UK mobile phone coverage worse than Romania, Peru: report
16 Dec 2016
4G mobile phone coverage in the UK has been rated as being worse than that of Albania, Panama, Peru and Romania, with users able to connect less than half the time, a government infrastructure watchdog has found.
The National Infrastructure Commission released a new report, which said the UK was being held back by poor mobile phone connectivity, as it called for an end to ''digital deserts'' in places that needed adequate signals such as rail routes, roads and city centres.
Countries including the US and Japan already had data volumes four to five times higher than the UK, the report said.
According to the commission, chaired by Andrew Adonis, the crossbench peer and former Labour minister, the government now needed to ensure that the next generation of 5G spectrum did not have the failures that dogged 4G coverage.
''Britain is 54th in the world for 4G coverage, and the typical user can only access 4G barely half the time,'' Adonis said.
Adonis explained, ''Our 4G network is worse than Romania and Albania, Panama and Peru. Our roads and railways can feel like digital deserts and even our city centres are plagued by not spots where connectivity is impossible.
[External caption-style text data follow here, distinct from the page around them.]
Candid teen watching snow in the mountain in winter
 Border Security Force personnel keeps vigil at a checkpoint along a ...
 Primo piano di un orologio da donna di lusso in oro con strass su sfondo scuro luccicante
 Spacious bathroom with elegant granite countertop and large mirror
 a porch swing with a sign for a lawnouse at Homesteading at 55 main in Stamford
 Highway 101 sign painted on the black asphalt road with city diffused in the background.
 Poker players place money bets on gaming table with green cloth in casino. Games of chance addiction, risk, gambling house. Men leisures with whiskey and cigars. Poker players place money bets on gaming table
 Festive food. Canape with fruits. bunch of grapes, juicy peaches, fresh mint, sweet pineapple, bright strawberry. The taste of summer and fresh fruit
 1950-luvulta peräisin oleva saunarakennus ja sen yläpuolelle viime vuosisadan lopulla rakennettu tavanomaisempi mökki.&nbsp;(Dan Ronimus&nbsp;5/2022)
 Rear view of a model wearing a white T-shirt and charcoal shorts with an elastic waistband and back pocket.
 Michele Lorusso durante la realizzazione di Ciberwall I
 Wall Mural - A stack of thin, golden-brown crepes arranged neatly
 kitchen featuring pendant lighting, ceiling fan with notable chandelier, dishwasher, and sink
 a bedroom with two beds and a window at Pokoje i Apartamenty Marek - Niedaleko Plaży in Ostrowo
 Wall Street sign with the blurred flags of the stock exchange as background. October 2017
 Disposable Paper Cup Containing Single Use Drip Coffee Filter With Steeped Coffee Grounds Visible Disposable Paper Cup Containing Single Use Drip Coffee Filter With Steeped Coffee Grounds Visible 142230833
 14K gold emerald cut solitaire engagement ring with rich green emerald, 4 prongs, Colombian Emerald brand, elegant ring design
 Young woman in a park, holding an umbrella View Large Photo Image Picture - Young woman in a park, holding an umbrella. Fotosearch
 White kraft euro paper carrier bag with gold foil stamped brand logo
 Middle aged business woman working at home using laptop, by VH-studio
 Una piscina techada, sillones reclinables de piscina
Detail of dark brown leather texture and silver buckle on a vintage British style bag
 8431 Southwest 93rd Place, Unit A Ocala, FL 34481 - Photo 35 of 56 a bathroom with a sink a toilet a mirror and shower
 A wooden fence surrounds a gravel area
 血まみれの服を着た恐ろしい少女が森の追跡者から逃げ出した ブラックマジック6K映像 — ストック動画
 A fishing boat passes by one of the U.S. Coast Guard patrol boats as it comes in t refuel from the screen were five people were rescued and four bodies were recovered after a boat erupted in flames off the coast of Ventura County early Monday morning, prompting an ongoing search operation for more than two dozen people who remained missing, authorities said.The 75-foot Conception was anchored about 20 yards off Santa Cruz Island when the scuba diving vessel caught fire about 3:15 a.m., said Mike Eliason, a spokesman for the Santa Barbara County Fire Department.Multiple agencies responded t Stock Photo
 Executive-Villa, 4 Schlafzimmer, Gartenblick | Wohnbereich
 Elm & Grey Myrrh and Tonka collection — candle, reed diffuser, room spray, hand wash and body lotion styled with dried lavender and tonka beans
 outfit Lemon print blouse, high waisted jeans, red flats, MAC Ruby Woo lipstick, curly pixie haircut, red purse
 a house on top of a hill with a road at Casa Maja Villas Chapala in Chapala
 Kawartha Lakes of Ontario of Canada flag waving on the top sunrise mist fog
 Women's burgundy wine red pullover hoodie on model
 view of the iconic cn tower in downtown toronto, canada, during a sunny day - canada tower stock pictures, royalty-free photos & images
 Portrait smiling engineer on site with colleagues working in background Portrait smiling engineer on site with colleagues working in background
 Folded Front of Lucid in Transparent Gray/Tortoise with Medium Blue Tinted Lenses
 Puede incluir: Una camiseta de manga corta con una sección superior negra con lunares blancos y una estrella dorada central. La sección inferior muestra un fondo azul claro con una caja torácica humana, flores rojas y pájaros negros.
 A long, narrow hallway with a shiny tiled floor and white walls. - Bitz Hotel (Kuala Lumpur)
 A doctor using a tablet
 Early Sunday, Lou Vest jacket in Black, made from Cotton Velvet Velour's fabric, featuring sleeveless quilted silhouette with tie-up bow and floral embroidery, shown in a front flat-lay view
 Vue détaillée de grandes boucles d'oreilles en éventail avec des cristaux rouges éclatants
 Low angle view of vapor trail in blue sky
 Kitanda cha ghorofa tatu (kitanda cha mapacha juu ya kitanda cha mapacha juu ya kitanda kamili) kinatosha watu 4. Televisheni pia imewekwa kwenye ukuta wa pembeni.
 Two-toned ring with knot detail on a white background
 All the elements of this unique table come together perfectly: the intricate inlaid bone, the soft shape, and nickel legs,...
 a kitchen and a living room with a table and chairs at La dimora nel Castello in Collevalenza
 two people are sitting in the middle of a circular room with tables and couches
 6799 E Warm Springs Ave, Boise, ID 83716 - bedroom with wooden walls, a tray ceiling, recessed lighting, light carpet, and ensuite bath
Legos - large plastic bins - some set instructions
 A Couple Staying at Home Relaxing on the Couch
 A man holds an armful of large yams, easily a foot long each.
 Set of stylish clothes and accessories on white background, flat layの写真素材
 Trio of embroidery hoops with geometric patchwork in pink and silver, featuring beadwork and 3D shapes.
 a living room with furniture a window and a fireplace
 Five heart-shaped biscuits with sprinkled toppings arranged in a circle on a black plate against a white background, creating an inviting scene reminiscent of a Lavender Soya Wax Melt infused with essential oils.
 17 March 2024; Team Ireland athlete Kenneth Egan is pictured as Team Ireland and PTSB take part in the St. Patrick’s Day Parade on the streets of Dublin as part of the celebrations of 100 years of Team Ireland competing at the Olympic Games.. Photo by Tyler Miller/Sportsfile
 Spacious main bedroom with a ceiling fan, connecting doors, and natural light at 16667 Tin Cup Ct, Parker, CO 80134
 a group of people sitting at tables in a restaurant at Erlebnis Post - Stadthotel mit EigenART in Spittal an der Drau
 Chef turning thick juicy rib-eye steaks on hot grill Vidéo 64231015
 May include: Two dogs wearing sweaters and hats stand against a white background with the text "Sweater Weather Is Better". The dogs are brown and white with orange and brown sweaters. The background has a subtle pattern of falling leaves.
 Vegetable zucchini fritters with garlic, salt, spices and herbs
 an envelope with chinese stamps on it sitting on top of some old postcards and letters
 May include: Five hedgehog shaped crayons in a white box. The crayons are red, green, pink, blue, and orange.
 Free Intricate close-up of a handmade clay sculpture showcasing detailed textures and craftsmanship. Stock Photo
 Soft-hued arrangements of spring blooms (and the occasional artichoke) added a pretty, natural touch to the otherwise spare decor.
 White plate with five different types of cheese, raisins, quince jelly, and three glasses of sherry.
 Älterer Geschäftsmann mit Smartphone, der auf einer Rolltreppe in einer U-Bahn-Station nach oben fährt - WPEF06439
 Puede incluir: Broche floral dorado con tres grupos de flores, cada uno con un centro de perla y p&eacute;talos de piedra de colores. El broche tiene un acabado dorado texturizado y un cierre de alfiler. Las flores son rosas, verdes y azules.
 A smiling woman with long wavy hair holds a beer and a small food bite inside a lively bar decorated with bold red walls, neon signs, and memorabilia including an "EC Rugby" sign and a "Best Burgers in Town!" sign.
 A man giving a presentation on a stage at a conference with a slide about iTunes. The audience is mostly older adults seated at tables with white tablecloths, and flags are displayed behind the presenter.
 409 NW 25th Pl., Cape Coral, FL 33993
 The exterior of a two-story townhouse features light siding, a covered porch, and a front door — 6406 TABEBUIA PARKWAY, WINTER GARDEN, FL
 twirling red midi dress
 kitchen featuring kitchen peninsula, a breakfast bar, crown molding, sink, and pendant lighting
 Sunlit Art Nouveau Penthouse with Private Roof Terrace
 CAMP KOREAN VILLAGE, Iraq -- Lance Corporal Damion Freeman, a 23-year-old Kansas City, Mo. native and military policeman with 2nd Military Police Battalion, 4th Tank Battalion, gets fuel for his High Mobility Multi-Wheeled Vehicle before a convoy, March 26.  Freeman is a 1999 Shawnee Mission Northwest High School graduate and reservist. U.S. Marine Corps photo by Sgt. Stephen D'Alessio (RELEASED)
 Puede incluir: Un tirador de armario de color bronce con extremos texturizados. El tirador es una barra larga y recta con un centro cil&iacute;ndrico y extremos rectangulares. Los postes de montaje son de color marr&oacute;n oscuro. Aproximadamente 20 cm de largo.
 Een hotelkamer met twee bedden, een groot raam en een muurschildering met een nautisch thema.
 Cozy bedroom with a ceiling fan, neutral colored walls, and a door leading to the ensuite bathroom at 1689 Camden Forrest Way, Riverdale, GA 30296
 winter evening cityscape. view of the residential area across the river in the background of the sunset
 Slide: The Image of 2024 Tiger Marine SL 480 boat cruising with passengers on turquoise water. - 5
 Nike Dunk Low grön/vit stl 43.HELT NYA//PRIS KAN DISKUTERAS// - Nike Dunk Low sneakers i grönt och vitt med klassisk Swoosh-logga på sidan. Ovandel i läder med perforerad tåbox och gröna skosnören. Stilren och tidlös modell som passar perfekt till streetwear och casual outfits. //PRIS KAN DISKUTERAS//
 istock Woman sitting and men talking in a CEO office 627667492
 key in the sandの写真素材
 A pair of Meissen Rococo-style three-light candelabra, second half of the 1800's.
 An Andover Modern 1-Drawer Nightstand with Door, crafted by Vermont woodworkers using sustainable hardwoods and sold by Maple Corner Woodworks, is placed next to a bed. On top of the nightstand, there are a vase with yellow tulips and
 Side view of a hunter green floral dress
''That isn't just frustrating, it is increasingly holding British business back as more and more of our economy requires a connected workforce.''
Several countries that received UK aid also had better networks, including India and Indonesia, the National Infrastructure Commission found.
It added that over 8,000 miles of the UK's A and B roads had no signal at all.
In addition, the latest 4G signals needed to make full use of mobile internet services were available in only a fifth of homes outside Britain's major cities.
In the report, the NIC said the market was failing consumers and called on ministers to stop the UK's further slide as the mobile industry moved on to super fast 5G technology – the fifth generation of mobile internet networks.
Adonis said that although the UK was "languishing in the digital slow lane", the rollout of 5G technology was an opportunity for the government to "start again".